From 1337 to 1453, France became involved in the Hundred Years' War with England, fighting for control over the French throne. England repeatedly led expeditions into French soil, which dealt a huge toll of the economy and the nation's morale. In response, the French built the Bastille in the late 14th century to defend Paris from the English threat, playing a vital role in internal conflicts.[7]

In the 1400s, Jeanne d'Arc acquired a Sword of Eden, and led French soldiers to victories in the war. In 1431, she was captured and executed by the English, while opportunistic Templars took the Sword.[8]


Paris during the Renaissance

During the Renaissance, France was ruled by King Louis XII from his capital in Paris, though he was drawn away from the throne by his military conquests. During his absence, he left his foreign ministers in command, not knowing that they were working for the Borgia.[9]

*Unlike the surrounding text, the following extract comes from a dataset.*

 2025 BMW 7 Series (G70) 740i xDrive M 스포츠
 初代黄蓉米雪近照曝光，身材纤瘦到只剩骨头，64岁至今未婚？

In the early 1500s, a French Army, under the command of Octavian de Valois, was employed by Cesare Borgia, the Captain General of the Papal Armies, in order to help unite Italy under the Papal banner.[10]

Age of Enlightenment

During the Age of Enlightenment, France, in competition with Spain and England, sought to build up their Empire by capturing territories in Africa and, to a lesser extent, the West Indies.

France aided the Thirteen Colonies during the American Revolutionary War: the Marquis de Lafayette served as George Washington's aide-de-camp from 1777, and the French Navy, under Admiral De Grasse, was instrumental in securing victory.[11]

French Revolution

Main article: French Revolution

Eventually, numerous troubles in their homeland led to the French having their own revolution in 1789,[12][1]and control of France ultimately fell to one Napoleon Bonaparte, a skilled military Commander in possession of an Apple of Eden. From 1804 to 1815, Napoleon ruled over France and Western Europe as an Emperor.[13]

Belle Époque

After the end of the Franco-Prussian War in 1871, France enjoyed a period of peace and prosperity which would last until 1914. Dubbed as 'Belle Époque', Paris underwent technological advances which led to increase in size, economic power as well as the improvement of life quality.[14]

In 1889, the construction of the Eiffel Tower was completed, with the landmark becoming the symbol of France's new engineering prowess and of the Époque itself.[14]